Take the data that follows and return it exactly.

┌─ EXCERPTED RECORDS

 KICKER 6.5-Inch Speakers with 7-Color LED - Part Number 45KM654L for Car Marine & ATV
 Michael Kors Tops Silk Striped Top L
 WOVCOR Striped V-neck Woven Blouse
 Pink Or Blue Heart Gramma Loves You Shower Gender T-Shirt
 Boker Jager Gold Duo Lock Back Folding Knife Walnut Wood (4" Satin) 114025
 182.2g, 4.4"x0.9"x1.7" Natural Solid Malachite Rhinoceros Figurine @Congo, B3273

└─

# ANSWER TO THIS EXERCISE
 KICKER 6.5-Inch Speakers with 7-Color LED - Part Number 45KM654L for Car Marine & ATV
 Michael Kors Tops Silk Striped Top L
 WOVCOR Striped V-neck Woven Blouse
 Pink Or Blue Heart Gramma Loves You Shower Gender T-Shirt
 Boker Jager Gold Duo Lock Back Folding Knife Walnut Wood (4" Satin) 114025
 182.2g, 4.4"x0.9"x1.7" Natural Solid Malachite Rhinoceros Figurine @Congo, B3273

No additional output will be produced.